Interpretive Summary: Regulation of particulate pollution continues to intensify across the US. Agricultural operations once exempt from many particulate regulations are now required to comply with air quality permitting requirements and, in some states, submit management plans that detail the actions the operation will undertake to help reduce stationary and fugitive source emissions. Cotton harvesting operations were identified as a major source of particulate matter pollution in the San Joaquin valley of California and as a result, cotton producers in CA have been targeted by regulators to reduce emissions. Accurate emission factors must be used in the regulatory process to ensure fair regulation for all industries. However, the characterization of particulate emissions from agricultural operations is complex due to factors such as the shape and size of emission sources, size and speciation of the particulate matter emitted, and the interaction of the source and natural environment. This complexity is not well understood by many regulators and has resulted in the inequitable regulation of agricultural sources. Instead of in situ particulate matter concentration measurement, a tool regulators use in the permitting and emissions inventory process that simplifies the analysis is dispersion modeling. The objective of this work was to investigate the influence of dispersion modeling techniques on resulting emission factors for cotton harvesting operations. Two methods were investigated, one modeling the harvesting operation as a single, continuous area emission source, and the second modeling the operation as a series of line sources emitting particulate matter. Results indicate that the methods tested produced similar emission factors. Additionally, a comparison of emission factors developed using different dispersion models showed the emission factors to be significantly different indicating that emission factors are model specific. These findings help to elucidate the complexity of characterizing agricultural particulate matter emissions and will help regulators avoid the use of inappropriate emission factors in dispersion modeling.
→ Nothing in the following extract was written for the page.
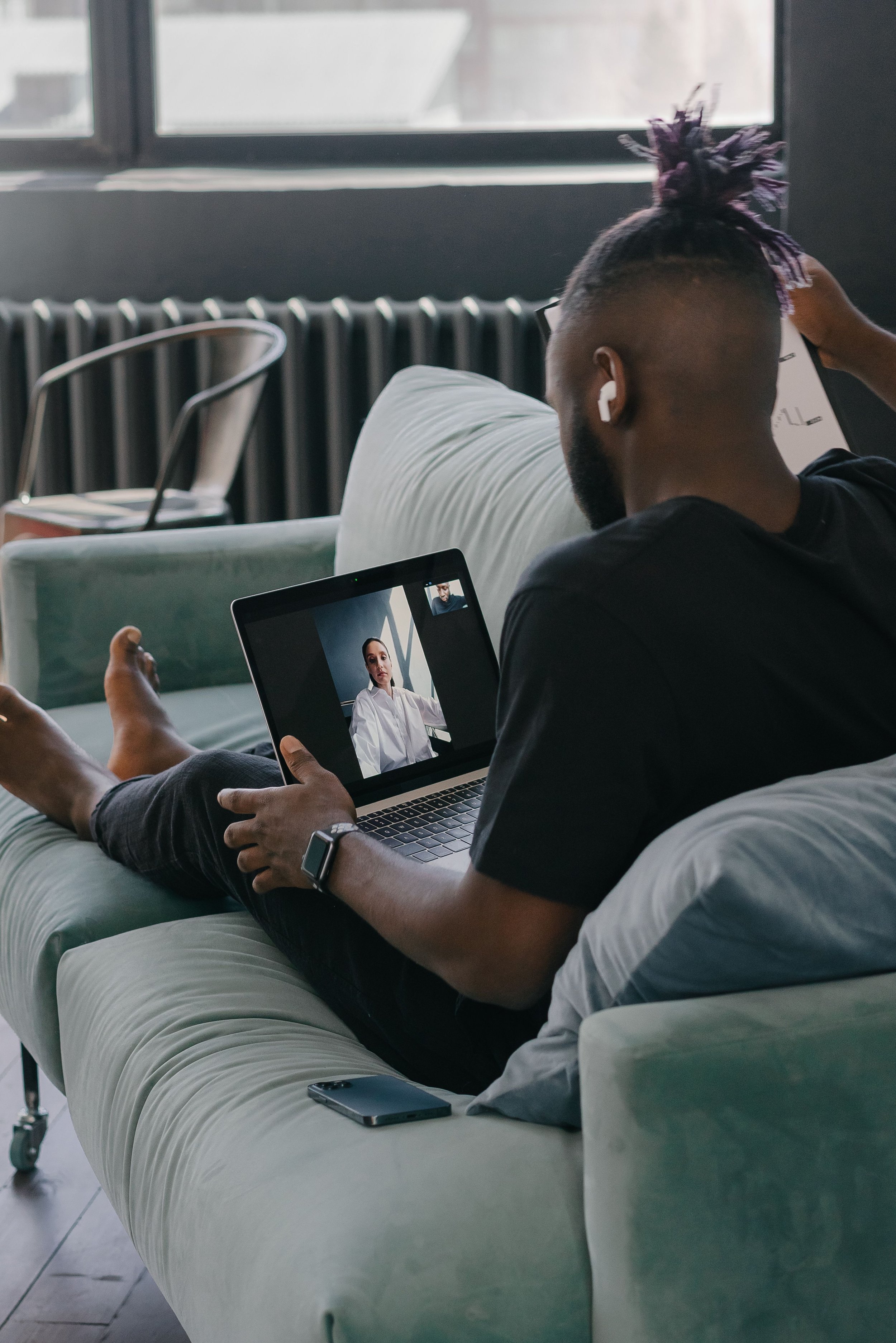 A man with purple hair styled in a topknot, wearing a black shirt and white wireless earbuds, is sitting on a light green couch, holding a laptop showing a video call with a woman in a white shirt. There are chairs and a radiator near a window in the background.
Technical Abstract: Agricultural production and processing operations, including cotton harvesting, are facing increasing regulatory pressure from state and federal regulators. In order to regulate these operations equitably, accurate emission factors (EF) representative of the true level of particulate matter emissions are needed. The objective of this study was to evaluate the influence of dispersion modeling techniques on resulting emission factors for cotton harvesting operations. EFs for TSP, PM10, and PM2.5 from cotton harvesting were determined using the EPA recommended dispersion model, AERMOD. Modeling results for two different methods were analyzed. Method 1 modeled the operation as a single area source while Method 2 modeled the operation as a series of line sources. Method 1 EFs for true PM10 were 154 +/- 43, 425 +/- 178 kg/km2 for six-row and two-row harvesters, respectively. Method 1 EFs for true PM2.5 were 5.46 +/- 1.42, 15.4 +/- 6.46 kg/km2 for six-row and two-row harvesters, respectively. The results of this study indicate that EFs developed using Method 1 and Method 2 were not statistically different. Contrary to our hypothesis, the results lead to the conclusion that modeling method (Method 1 or Method 2) would not cause difference in EFs. This is an important finding and it suggests that the protocol developed at Texas A&M for developing EFs for area sources (Method 1) can be used for harvesting operations. This would save valuable time in the modeling phase of projects aimed at developing EFs. Additional work comparing EFs from AERMOD and the formerly recommended regulatory dispersion model ISCST3 were conducted. This comparison observed that, for a six-row harvester, AERMOD EFs were 1.8 times higher than ISCST3 EFs. This leads to the conclusion that EFs developed with dispersion models are model specific. These EFs should be used in conjunction with the same model with which they were developed. If used with a different model, the results would lead to incorrect estimates of downwind concentrations.